*Task objective*: Please copy out the entries below exactly, beginning with the line that contains "Iced Cluster Infinity Ring - 6mm - White" and ending with the line that contains "Non-Slip Super-Absorbent Bath", and include nothing outside that span.

*Input data*:
....
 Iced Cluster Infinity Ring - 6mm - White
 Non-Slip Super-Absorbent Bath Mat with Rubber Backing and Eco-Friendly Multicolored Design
....
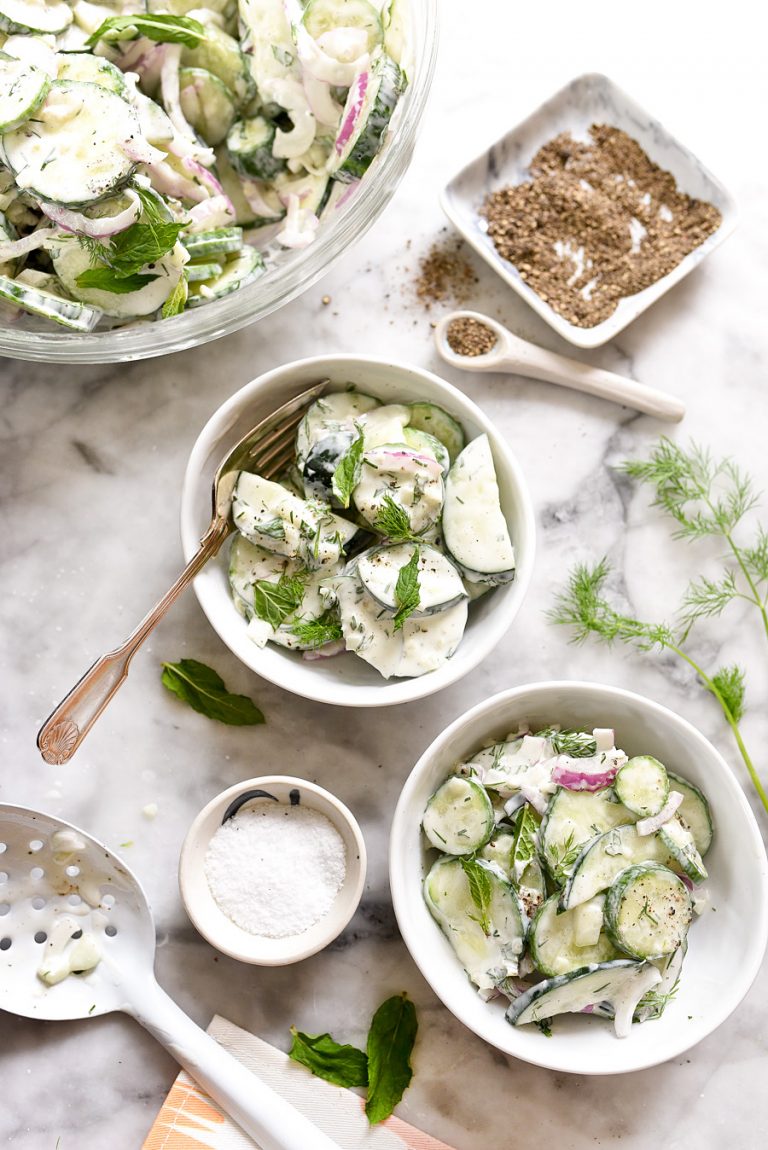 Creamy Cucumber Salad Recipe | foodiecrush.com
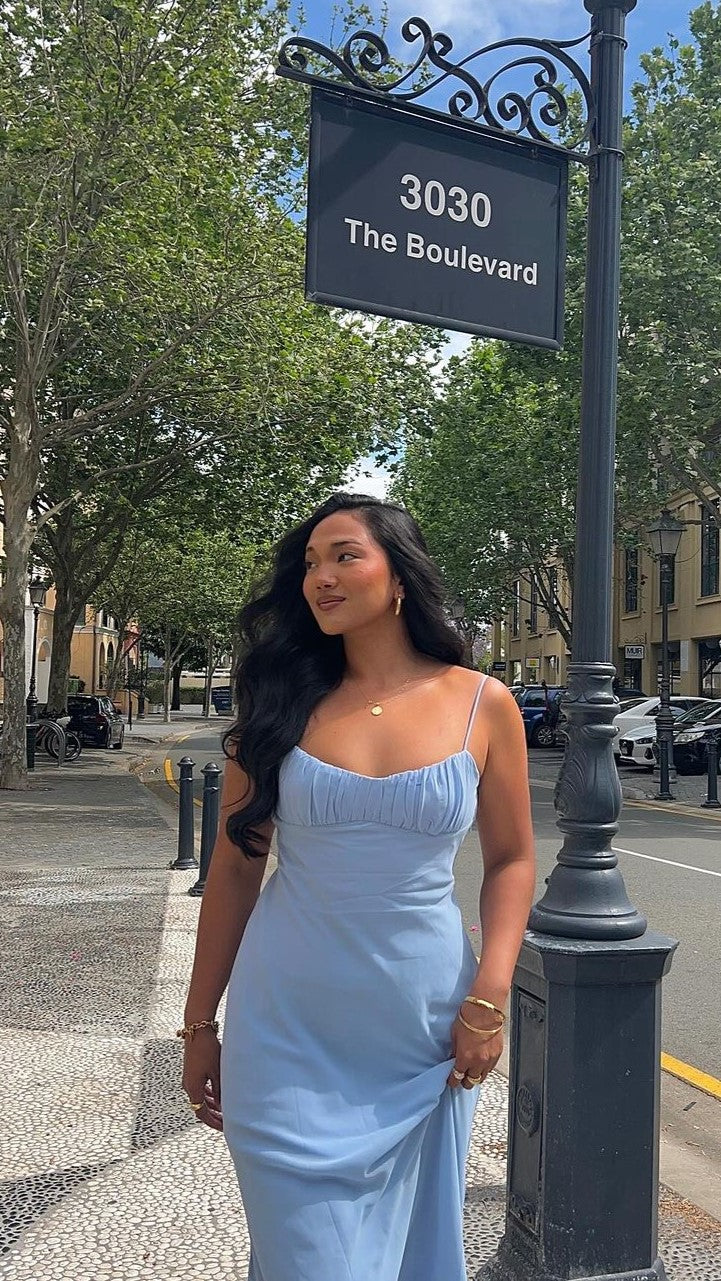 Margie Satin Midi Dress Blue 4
....
*Answer area*:
 Iced Cluster Infinity Ring - 6mm - White
 Non-Slip Super-Absorbent Bath Mat with Rubber Backing and Eco-Friendly Multicolored Design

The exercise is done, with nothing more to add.